Friday, March 26, 2010

Answer: What do you call a rotating flower?

This was another hard question, so don't feel bad if you didn't get it instantly.  That's part of the point of this blog--search/research questions often open up into fascinating areas that you might not have expected when you started. 


Here's what I did... 



Started with my first search: 

 [ rotation flower stem ] – and found nothing.  

Then, because I happened to know that plant movements like this are usually called "tropism" (which you could have figured out by using a reverse dictionary), I changed my query to: 

[ rotation plan tropism ] 

And deleted the "flower" term (as I thought it might be overly specialized).  I found a pretty decent Google Books result.  “Plant tropisms and other growth movements

By skimming through that book, I learned the words “phototropism”  and “heliotropism” (for movement towards light, and more specifically, movement towards the sun).  

So that led me to read the  Wikipedia article on heliotropism , which I got to my doing a serach for:

   [ heliotropism ]

That was a pretty good article, which in turn led to me an article from the journal  Natural History -- where learned that heliotropic plants can be much warmer than surrounding regions, giving insects a warm place to be and that the pulvinus  is a plant organ for sun tracking - not quite what I need, but getting close.  

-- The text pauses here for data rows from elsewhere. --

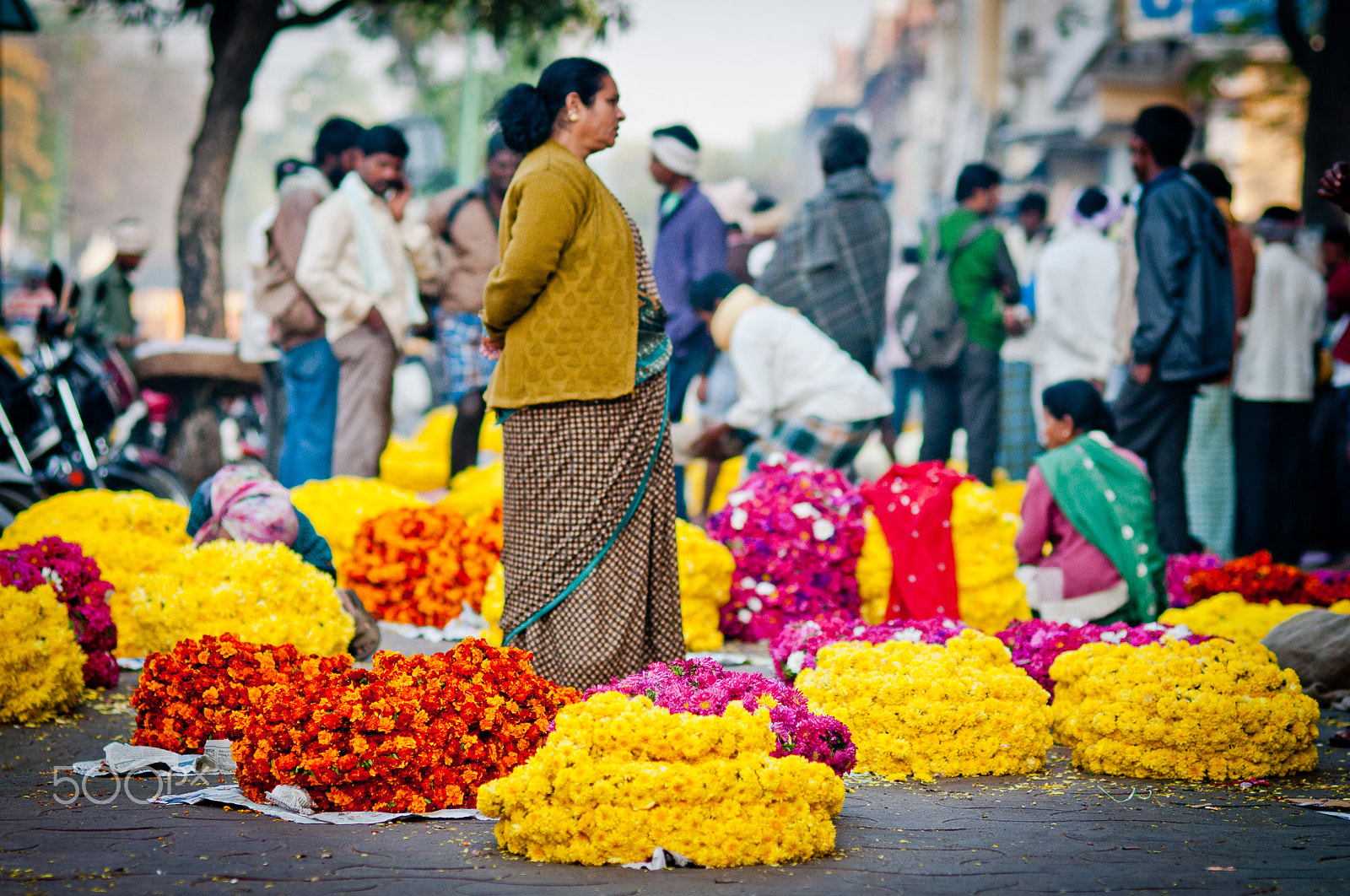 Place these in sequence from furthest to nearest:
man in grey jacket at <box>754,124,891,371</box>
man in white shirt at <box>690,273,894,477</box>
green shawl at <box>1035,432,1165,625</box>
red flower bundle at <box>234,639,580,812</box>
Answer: man in grey jacket at <box>754,124,891,371</box>, man in white shirt at <box>690,273,894,477</box>, green shawl at <box>1035,432,1165,625</box>, red flower bundle at <box>234,639,580,812</box>

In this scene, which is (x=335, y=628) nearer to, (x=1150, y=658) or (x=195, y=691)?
(x=195, y=691)

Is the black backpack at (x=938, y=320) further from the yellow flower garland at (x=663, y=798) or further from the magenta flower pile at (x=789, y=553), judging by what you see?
the yellow flower garland at (x=663, y=798)

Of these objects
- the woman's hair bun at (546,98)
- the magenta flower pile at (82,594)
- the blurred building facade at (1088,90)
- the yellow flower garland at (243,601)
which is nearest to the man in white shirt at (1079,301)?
the blurred building facade at (1088,90)

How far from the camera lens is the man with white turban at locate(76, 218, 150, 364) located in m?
11.2

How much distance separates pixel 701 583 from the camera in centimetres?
656

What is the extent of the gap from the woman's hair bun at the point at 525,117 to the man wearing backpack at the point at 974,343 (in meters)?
5.28

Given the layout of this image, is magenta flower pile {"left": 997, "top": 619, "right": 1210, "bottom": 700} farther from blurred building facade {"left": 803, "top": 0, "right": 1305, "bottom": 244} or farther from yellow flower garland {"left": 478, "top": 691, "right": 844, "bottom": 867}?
blurred building facade {"left": 803, "top": 0, "right": 1305, "bottom": 244}

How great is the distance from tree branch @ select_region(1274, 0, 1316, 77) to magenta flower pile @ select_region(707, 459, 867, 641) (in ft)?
24.5

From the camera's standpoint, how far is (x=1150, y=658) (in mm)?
4668

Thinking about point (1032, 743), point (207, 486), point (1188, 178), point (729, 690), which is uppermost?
point (1188, 178)

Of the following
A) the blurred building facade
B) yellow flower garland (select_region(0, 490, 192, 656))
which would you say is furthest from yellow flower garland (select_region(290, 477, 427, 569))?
the blurred building facade

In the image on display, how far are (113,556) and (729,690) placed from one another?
3.48 metres

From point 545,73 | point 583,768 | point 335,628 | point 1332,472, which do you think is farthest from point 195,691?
point 1332,472

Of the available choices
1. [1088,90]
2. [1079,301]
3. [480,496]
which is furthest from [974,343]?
[1088,90] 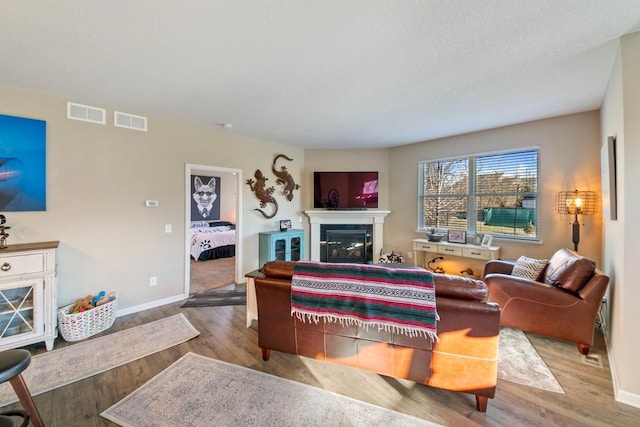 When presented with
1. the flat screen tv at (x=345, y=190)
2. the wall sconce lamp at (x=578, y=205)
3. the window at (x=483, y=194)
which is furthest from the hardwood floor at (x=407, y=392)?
the flat screen tv at (x=345, y=190)

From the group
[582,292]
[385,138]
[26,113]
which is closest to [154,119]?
[26,113]

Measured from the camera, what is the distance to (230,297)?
154 inches

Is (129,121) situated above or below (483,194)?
above

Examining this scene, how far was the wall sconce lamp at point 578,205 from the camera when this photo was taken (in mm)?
3301

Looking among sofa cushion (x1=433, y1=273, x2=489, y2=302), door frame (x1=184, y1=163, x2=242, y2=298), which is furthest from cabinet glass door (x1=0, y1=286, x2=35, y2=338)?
sofa cushion (x1=433, y1=273, x2=489, y2=302)

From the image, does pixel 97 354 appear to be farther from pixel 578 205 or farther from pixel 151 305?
pixel 578 205

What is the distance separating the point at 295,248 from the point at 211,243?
235cm

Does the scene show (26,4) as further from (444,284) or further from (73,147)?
(444,284)

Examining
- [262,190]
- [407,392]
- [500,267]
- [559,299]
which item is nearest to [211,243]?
[262,190]

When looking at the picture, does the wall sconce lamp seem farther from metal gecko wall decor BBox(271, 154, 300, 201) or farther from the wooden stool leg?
the wooden stool leg

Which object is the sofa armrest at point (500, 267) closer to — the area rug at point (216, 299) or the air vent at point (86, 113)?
the area rug at point (216, 299)

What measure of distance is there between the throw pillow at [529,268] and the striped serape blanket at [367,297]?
200 centimetres

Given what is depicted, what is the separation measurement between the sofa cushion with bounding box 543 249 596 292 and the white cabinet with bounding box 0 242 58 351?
4922 mm

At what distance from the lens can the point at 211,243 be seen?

But in reading this article from Natural History, I got the idea that what I was ACTUALLY looking for was not a tropism (which is a response to external stimuli), but something that's part of the natural growth pattern of the plant.  

So now, I try the query: 

 [ plant stem spiral growth ]  

which led me to an article on Answers.com about yet another word: phyllotaxis.  

After 4 queries and about 10 minutes of reading through articles, I've finally figured out the word that describes the situation at hand... that is, the rotational development of a plant stem as it grows outward.

While this is all great and good, I really really want to confirm that phyllotaxis is causing the mustard stem (and its flowers) to rotate as they grow.  

And this is where I start to get stymied because I haven't yet found a convincing first-hand account of phyllotaxis in mustard plants (or a closely related plant, say another plant in the Brassica family).  

Ideally what I want is a nice time lapse video, so I look for

 [ time lapse phyllotaxis ]

And I find a JSTOR article “The origins of the spiral theory of phyllotaxis”  William Montgomery -- looks interesting, but they want $38 for the article (arrgh!  we call this a paywall, and it's deeply, deeply annoying).  

I kept looking around for another hour or so, and learned that plants have circadian movements (day to night leaf folding) such as this video at Indiana University http://plantsinmotion.bio.indiana.edu/plantmotion/movements/leafmovements/clocks.html
- learned about nutational movements (light seeking… sunflowers waving around looking for light) and I learned about “nastic movements” – e.g., the shoot of a morning glory rotating to find a support (there is remarkable video footage here: http://plantsinmotion.bio.indiana.edu/plantmotion/movements/nastic/nastic.html  - be sure to click on "morning glory twining")

A few images from their movie:


-
SO... in the end, I've figured out what the term and concept describing this behavior is (phyllotaxis), but I have yet to find anything on the web that's specifically about the phyllotaxic movements of common mustard.  

Looks like I'll have to take those pictures myself!  Maybe a weekend project!!!